• [The task]
Each line below must be transcribed exactly, and no picture may appear in the transcription.

• [Materials provided]

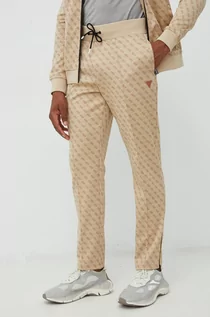 Spodnie męskie - Guess spodnie dresowe męskie kolor beżowy wzorzyste - grafika 1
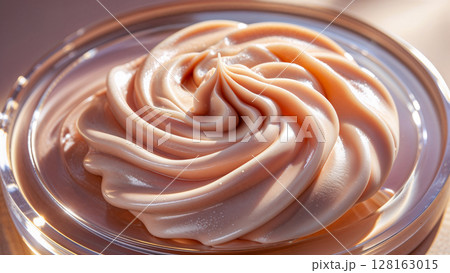 A swirl of cream is in a glass bowl. The cream is light pink and has a smooth texture. The bowl is clear and the cream is visible through the sides A swirl of cream is in a glass bowl. The cream is light pink and has a smooth texture. The bowl is clear and the cream is visible through the sides 128163015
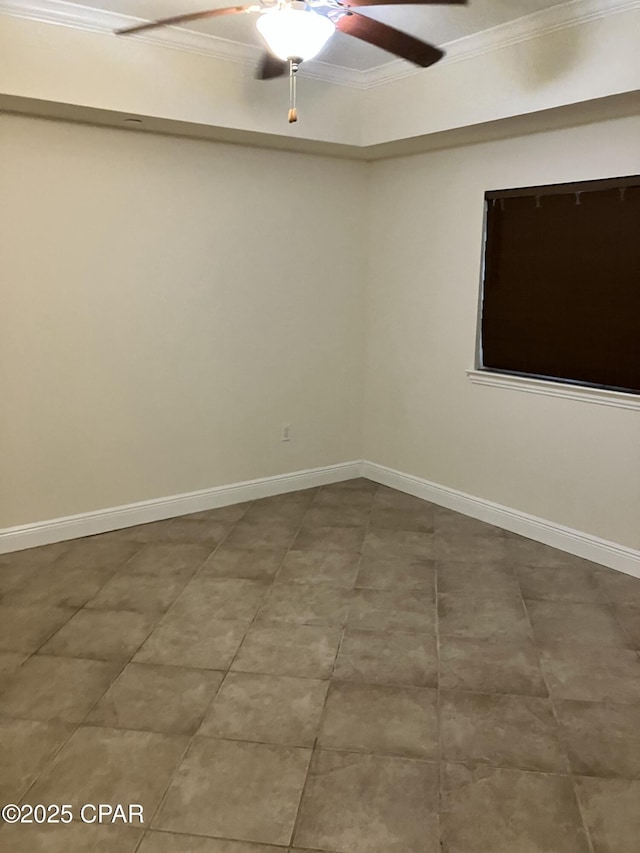 tiled empty room featuring baseboards, ceiling fan, and ornamental molding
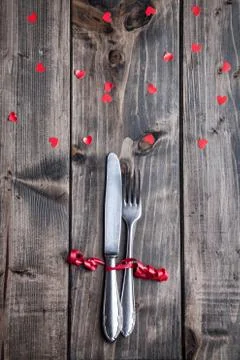 Romantic dinner set on wooden background Stock Photos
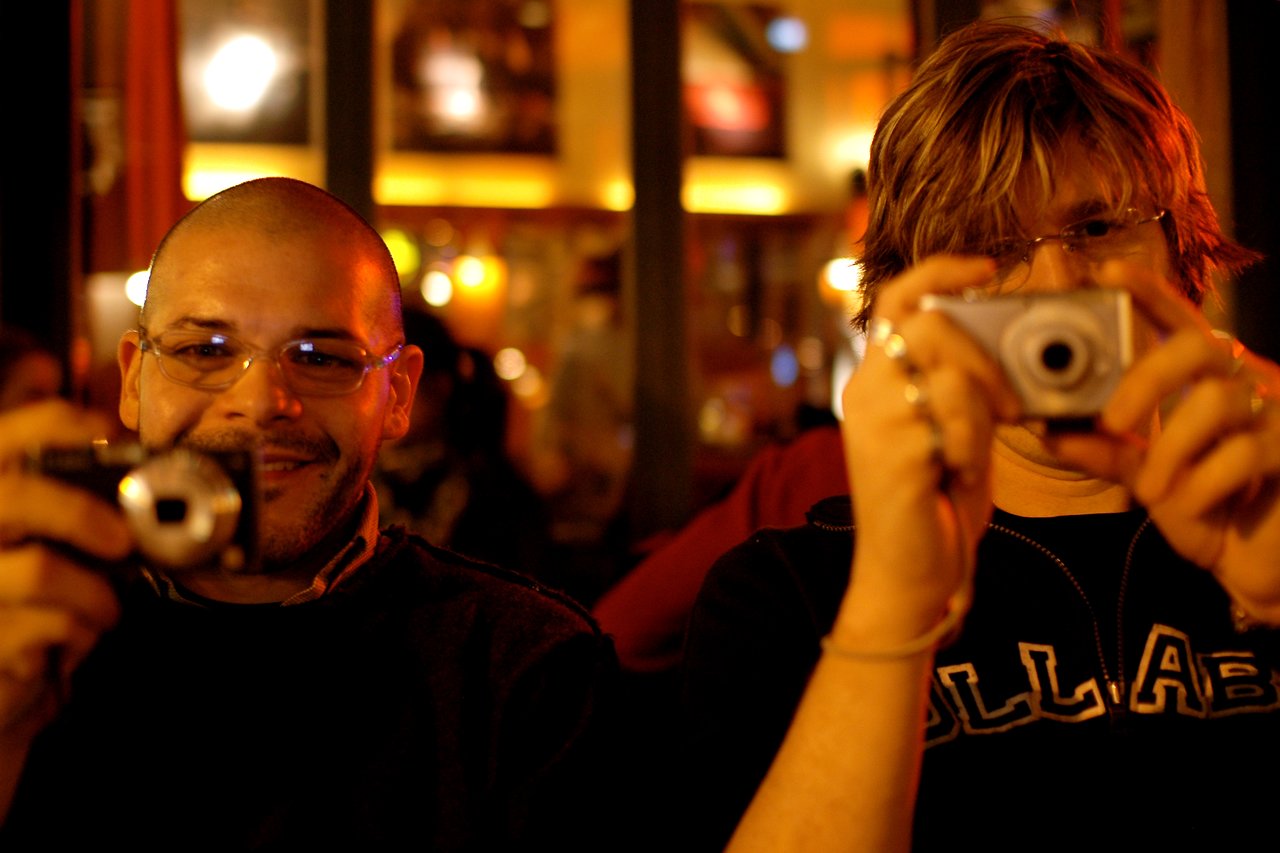 Two people in a dimly lit setting smile while holding cameras and taking photos.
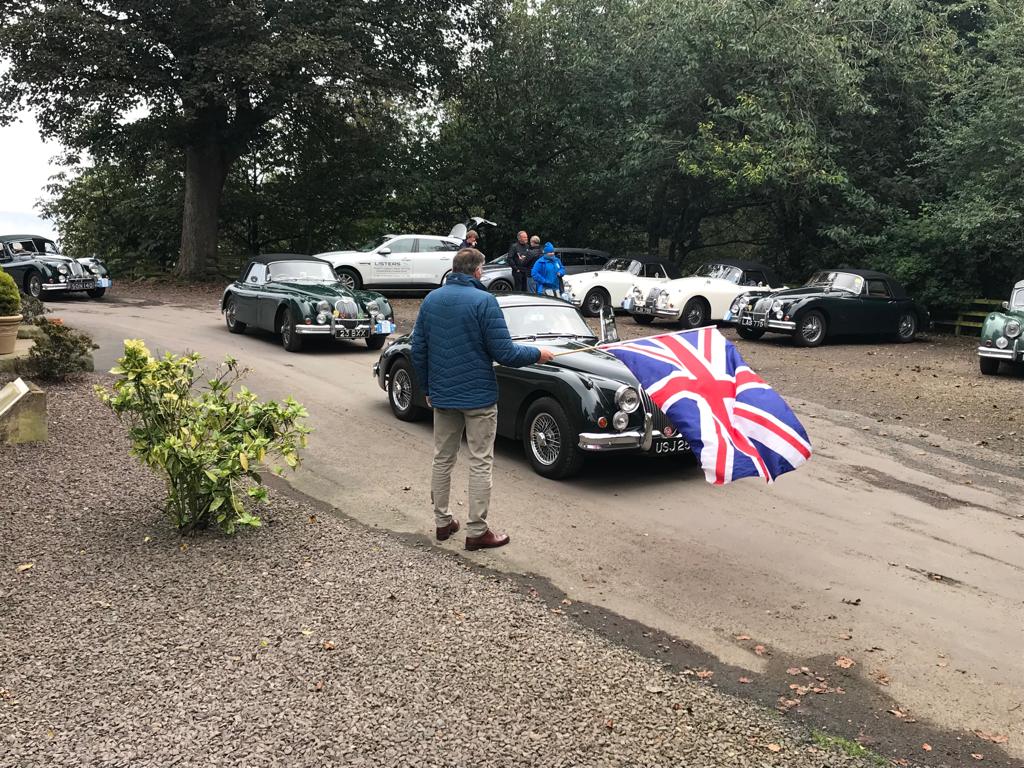 XKClubRBCD's tweet photo. RBCD Stage 14. Paul Whitfield flagging away from Marshall Meadows Hotel, Berwick, with David Kenworthy and Peter Thornton in the Yellow Hats. 
@ProstateUK 
@sngbarratt 
@ListersJLR 
@TwyfordMoors 
@XKClub
#berwick
#northumberland https://t.co/v3ChjCB5C5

• [Reply]
 Spodnie męskie - Guess spodnie dresowe męskie kolor beżowy wzorzyste - grafika 1
 A swirl of cream is in a glass bowl. The cream is light pink and has a smooth texture. The bowl is clear and the cream is visible through the sides A swirl of cream is in a glass bowl. The cream is light pink and has a smooth texture. The bowl is clear and the cream is visible through the sides 128163015
 tiled empty room featuring baseboards, ceiling fan, and ornamental molding
 Romantic dinner set on wooden background Stock Photos
 Two people in a dimly lit setting smile while holding cameras and taking photos.
 XKClubRBCD's tweet photo. RBCD Stage 14. Paul Whitfield flagging away from Marshall Meadows Hotel, Berwick, with David Kenworthy and Peter Thornton in the Yellow Hats. 
@ProstateUK 
@sngbarratt 
@ListersJLR 
@TwyfordMoors 
@XKClub
#berwick
#northumberland https://t.co/v3ChjCB5C5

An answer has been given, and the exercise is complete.